Un employeur de juridiction provinciale n’a pas de devoir d’accommodement envers un employé pour des motifs ayant trait à ses obligations parentales. Toutefois, n’oublions pas qu’un tel employé peut, tout de même, bénéficier de l’article 79.7 de la Loi sur les normes du travail autorisant un congé sans solde de 10 journées par année pour remplir les obligations reliées à la garde, à la santé ou à l’éducation de son enfant ou de l’enfant de son conjoint. Il peut également bénéficier de toute condition de travail ayant trait à cet aspect prévue dans son contrat de travail ou dans une convention collective s’il est syndiqué.

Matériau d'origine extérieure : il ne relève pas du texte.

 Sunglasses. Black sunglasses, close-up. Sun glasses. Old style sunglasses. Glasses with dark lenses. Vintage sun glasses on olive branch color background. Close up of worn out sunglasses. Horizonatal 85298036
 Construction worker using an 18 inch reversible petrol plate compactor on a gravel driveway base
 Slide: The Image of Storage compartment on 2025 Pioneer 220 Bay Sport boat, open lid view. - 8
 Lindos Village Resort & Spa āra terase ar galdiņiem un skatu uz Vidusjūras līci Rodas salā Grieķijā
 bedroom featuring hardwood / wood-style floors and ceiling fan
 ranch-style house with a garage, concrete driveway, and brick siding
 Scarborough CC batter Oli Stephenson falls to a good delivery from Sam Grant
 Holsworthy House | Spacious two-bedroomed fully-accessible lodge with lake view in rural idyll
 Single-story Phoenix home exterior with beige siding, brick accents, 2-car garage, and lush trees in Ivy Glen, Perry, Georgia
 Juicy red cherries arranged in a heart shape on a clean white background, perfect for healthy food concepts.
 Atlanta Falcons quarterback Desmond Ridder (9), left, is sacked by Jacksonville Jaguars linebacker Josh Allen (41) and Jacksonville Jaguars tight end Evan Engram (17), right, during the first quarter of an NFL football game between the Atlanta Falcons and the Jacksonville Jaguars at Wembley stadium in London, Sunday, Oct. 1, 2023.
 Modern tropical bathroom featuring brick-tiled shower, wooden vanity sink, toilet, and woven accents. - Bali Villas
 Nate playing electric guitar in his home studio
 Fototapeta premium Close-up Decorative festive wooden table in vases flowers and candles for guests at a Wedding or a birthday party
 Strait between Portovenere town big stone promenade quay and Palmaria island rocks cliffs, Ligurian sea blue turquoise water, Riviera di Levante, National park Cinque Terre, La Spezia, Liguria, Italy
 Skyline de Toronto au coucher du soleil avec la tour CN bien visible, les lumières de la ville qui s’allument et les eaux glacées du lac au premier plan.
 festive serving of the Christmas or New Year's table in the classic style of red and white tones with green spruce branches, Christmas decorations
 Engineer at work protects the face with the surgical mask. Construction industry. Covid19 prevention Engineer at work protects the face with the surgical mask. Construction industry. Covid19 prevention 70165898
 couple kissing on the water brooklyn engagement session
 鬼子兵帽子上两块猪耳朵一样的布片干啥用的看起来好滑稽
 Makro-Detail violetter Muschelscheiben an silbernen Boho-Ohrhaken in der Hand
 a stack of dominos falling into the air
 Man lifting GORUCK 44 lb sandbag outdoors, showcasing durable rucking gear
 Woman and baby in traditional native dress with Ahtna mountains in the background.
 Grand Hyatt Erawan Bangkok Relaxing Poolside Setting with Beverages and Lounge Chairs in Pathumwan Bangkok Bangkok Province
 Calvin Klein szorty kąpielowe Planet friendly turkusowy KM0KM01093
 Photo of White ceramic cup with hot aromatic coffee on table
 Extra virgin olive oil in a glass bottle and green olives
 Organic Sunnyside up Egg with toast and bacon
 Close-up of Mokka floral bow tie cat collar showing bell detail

L’employeur de juridiction fédérale qui reçoit une telle demande doit s’assurer de discuter de la source des difficultés rencontrées par l’employé afin d’évaluer si l’accommodement demandé découle d’obligations qu’un parent ne peut négliger sans entraîner sa responsabilité légale.

Par ailleurs, afin d’évaluer son obligation d’accommodement, l’employeur de juridiction fédérale devrait également s’assurer de discuter des solutions de rechange et des moyens raisonnables à la disposition de l’employé pour limiter soit les absences soit la récurrence de retards ou d’autres types de problème. Il est à noter que la jurisprudence reconnait qu’un employeur n’est pas obligé d’endosser les conséquences de la volonté arrêtée et inflexible d’un employé de ne considérer aucune autre solution de rechange généralement utilisée dans notre société pour la garde de ses enfants[5].

Source : VigieRT, janvier 2015.


1 Syndicat des intervenantes et intervenants de la santé Nord-Est québécois (SIISNEQ) (CSQ) c. Centre de santé et de services sociaux de la Basse-Côte-Nord, 2010 QCCA 497.
2 Beauchesne c. Syndicat des cols bleus regroupés de Montréal (SCFP-301), 2013 QCCA 2069. Un premier commissaire de la CRT rejette le recours. Par la suite, la décision est cassée en révision par la CRT et rétablie par la Cour supérieure. Voir au même effet : Université de Montréal et Syndicat des employés d’entretien de l’Université de Montréal, section locale 1186, SCFP-FTQ (Fernand Landry), 2014 QCTA 685.
3 Précité note 1, paras 23-25.
4 Le procureur général du Canada c. Johnstone, [2014] FCA 110 et Canadian National Railway Company v Denise Seeley and Canadian Human Rights Commission, [2014] FCA 111.
5 Université de Montréal et Syndicat des employés d’entretien de l’Université de Montréal, section locale 1186, SCFP- FTQ (Fernand Landry), 2014 QCTA 685.